Your objective: All entries below are to be returned exactly, with pictures left out.

[Excerpted data — start]

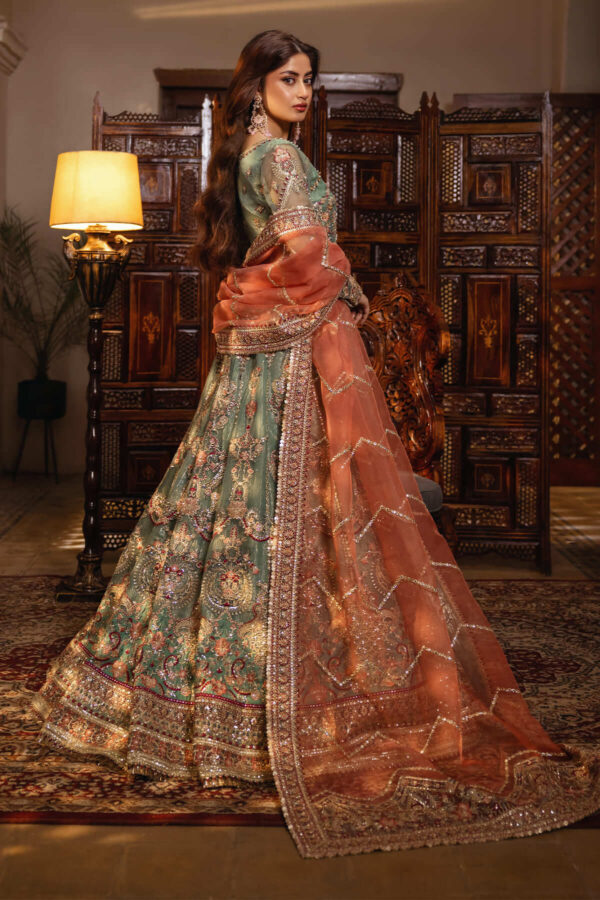 Serene Premium Sb-26 Raqs Sajal Embroidered Organza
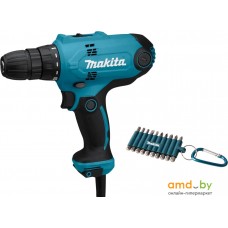 Дрель-шуруповерт Makita DF0300X3 (набор оснастки)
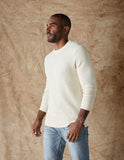 Pique Stitch Crew in Ivory from The Normal Brand.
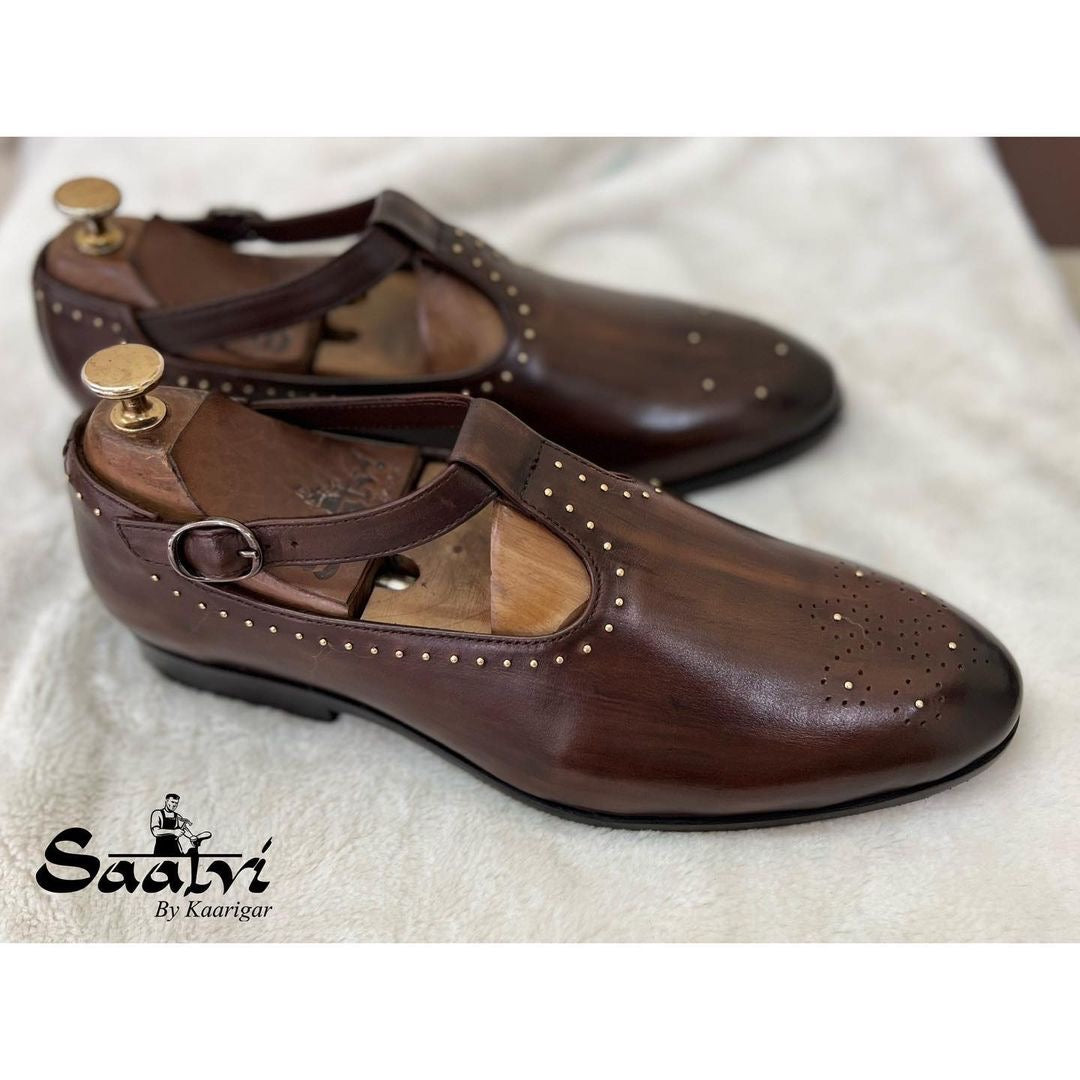 Bajrii Sandal Brown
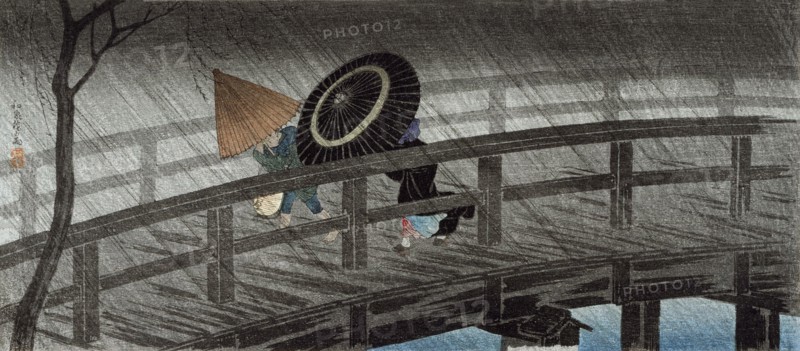 Rain on Izumi Bridge by Hiroaki Takahashi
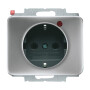 B&J2CKA002011A3829 / Busch-Protector® SCHUKO® Steckdosen-Einsatz mit Überspannungsschutz / EAN 4011395078822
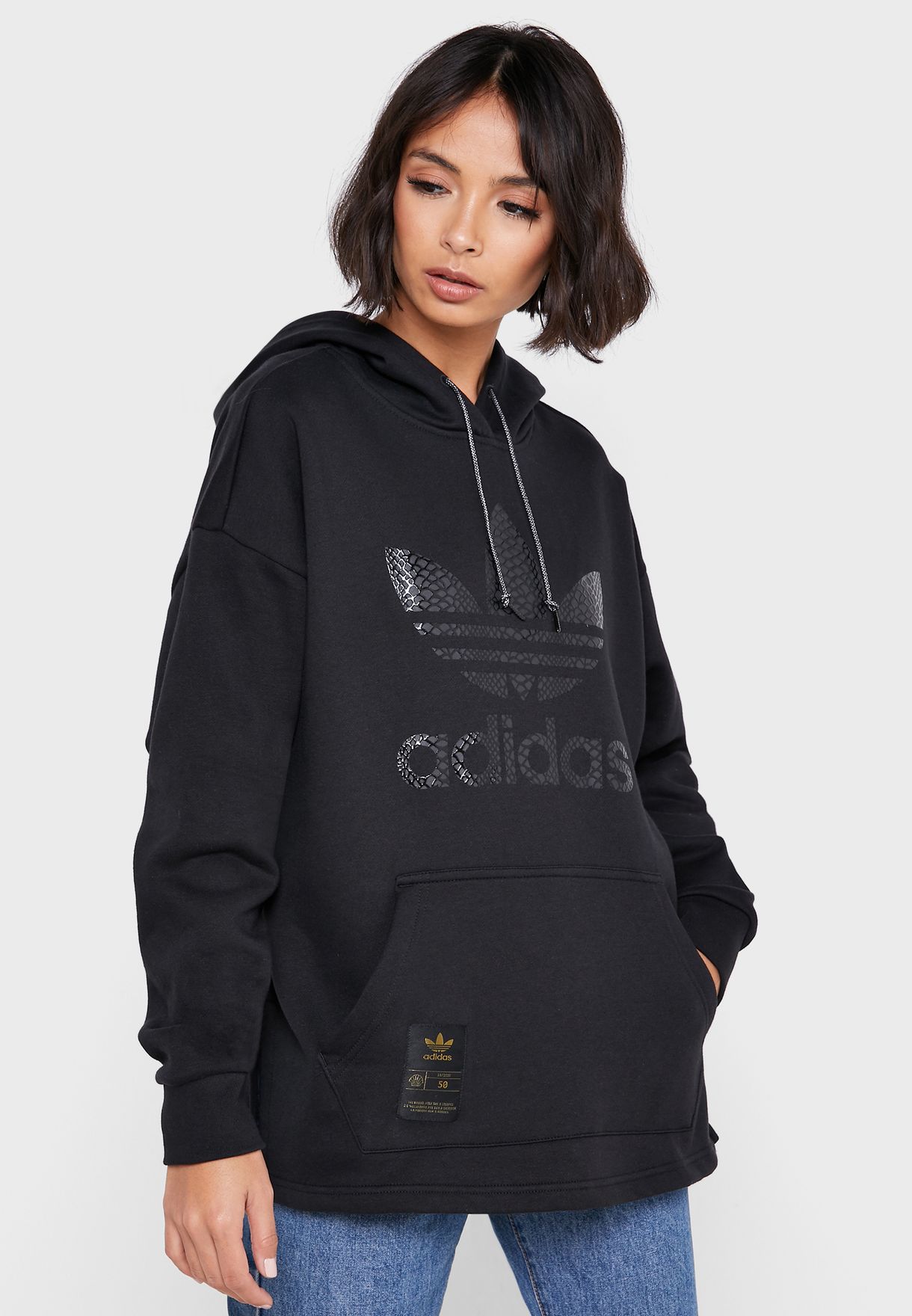 adidas black logo hoodie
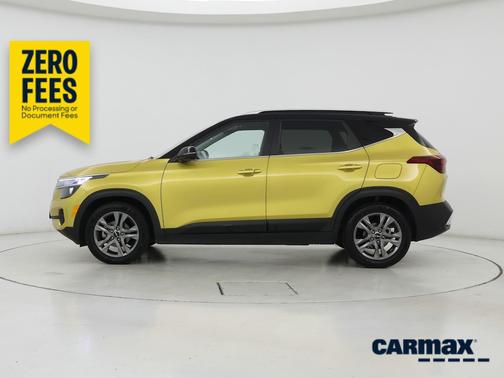 Yellow 2022 Kia Seltos S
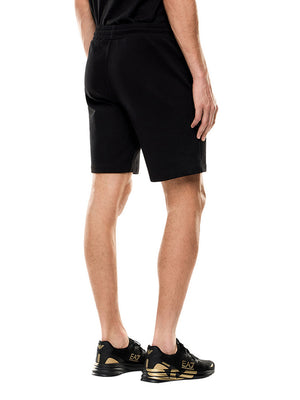 Ea7 Bermuda Ea7 In Cotone - Nero/Oro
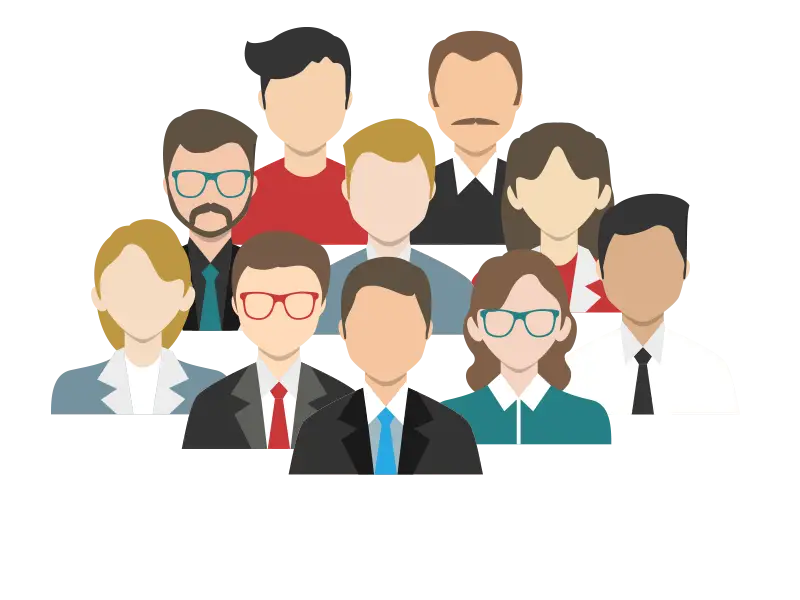 Colorful Group of People Icons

[Excerpted data — finish]

Task solution:
 Serene Premium Sb-26 Raqs Sajal Embroidered Organza
 Дрель-шуруповерт Makita DF0300X3 (набор оснастки)
 Pique Stitch Crew in Ivory from The Normal Brand.
 Bajrii Sandal Brown
 Rain on Izumi Bridge by Hiroaki Takahashi
 B&J2CKA002011A3829 / Busch-Protector® SCHUKO® Steckdosen-Einsatz mit Überspannungsschutz / EAN 4011395078822
 adidas black logo hoodie
 Yellow 2022 Kia Seltos S
 Ea7 Bermuda Ea7 In Cotone - Nero/Oro
 Colorful Group of People Icons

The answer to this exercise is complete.